- **WHAT NEEDS TO BE DONE**
Among the lines of data below, reproduce only those from the one with "Philipp Plein Sweatjacke" through the one with "High-end light luxury", exactly as they stand, both ends included.

--- DATA FOR ANALYSIS ---

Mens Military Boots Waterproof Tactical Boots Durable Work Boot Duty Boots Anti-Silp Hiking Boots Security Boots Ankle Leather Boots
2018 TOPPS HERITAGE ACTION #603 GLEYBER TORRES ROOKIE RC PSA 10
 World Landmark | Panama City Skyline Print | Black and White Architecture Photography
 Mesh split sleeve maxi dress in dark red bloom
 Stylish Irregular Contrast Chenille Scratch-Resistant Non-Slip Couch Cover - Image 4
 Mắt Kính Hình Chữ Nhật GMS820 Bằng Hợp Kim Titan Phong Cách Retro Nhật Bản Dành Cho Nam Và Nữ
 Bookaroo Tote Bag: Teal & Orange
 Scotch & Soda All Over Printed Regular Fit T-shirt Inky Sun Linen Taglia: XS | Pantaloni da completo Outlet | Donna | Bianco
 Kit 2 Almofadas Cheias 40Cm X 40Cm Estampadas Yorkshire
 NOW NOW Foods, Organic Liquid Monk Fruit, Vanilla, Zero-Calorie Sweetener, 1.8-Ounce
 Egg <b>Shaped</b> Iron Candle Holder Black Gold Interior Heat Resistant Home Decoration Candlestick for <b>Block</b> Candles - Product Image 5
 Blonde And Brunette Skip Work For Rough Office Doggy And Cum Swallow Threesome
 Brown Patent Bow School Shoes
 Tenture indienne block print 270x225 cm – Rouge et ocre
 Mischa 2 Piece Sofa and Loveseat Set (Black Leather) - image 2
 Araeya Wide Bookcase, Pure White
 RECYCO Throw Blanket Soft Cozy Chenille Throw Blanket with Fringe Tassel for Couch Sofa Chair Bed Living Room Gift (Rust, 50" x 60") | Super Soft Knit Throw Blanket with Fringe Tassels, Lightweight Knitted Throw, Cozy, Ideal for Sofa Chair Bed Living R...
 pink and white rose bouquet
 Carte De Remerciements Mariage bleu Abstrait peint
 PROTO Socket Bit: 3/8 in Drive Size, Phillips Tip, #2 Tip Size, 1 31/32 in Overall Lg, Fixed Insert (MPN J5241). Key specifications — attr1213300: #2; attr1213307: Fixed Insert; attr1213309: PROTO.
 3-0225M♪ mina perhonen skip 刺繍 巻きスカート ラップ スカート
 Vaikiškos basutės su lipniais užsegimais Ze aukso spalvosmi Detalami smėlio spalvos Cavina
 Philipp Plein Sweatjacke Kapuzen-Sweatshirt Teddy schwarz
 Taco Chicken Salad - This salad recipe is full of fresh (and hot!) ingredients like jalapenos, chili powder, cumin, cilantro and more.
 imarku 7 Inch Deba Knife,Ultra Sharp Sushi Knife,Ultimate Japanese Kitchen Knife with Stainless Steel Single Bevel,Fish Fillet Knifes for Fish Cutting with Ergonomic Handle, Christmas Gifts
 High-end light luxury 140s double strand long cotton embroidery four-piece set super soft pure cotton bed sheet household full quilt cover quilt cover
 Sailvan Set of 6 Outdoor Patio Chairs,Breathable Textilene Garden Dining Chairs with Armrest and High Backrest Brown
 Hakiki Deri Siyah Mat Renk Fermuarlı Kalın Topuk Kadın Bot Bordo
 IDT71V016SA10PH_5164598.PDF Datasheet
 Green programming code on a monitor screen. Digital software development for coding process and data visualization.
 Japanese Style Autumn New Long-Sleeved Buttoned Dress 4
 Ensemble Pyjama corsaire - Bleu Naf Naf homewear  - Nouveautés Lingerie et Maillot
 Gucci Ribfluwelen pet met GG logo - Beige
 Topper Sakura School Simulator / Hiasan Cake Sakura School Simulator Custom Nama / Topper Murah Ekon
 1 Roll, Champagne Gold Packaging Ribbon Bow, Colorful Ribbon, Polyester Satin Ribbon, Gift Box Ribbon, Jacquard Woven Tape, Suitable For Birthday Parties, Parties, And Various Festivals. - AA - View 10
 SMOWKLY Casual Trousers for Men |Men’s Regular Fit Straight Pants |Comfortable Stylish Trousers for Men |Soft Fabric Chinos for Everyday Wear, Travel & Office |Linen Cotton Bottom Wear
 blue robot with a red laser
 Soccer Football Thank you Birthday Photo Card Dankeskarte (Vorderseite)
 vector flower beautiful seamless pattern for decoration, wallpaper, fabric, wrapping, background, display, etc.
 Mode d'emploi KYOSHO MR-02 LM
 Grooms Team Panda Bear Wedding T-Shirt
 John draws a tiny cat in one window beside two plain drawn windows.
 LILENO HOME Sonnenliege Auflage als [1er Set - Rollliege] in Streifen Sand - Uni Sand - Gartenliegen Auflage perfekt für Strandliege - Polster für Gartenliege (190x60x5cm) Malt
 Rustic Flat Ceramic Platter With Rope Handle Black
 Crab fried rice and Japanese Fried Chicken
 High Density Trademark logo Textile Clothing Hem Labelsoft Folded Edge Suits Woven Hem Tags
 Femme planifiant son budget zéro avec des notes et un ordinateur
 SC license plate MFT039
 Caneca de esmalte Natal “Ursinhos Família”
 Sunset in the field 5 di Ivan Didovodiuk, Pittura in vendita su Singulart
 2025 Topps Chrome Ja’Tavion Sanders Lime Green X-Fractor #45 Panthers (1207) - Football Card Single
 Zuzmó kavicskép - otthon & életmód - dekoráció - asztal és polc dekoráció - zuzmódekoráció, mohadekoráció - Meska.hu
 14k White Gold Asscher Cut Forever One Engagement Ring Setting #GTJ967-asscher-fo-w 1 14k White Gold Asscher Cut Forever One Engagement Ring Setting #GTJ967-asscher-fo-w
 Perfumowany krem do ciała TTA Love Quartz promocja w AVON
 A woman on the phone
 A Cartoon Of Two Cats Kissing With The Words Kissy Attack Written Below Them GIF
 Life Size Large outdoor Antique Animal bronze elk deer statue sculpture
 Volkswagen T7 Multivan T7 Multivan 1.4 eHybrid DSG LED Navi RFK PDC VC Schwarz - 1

---

- **EXERCISE SOLUTION**
 Philipp Plein Sweatjacke Kapuzen-Sweatshirt Teddy schwarz
 Taco Chicken Salad - This salad recipe is full of fresh (and hot!) ingredients like jalapenos, chili powder, cumin, cilantro and more.
 imarku 7 Inch Deba Knife,Ultra Sharp Sushi Knife,Ultimate Japanese Kitchen Knife with Stainless Steel Single Bevel,Fish Fillet Knifes for Fish Cutting with Ergonomic Handle, Christmas Gifts
 High-end light luxury 140s double strand long cotton embroidery four-piece set super soft pure cotton bed sheet household full quilt cover quilt cover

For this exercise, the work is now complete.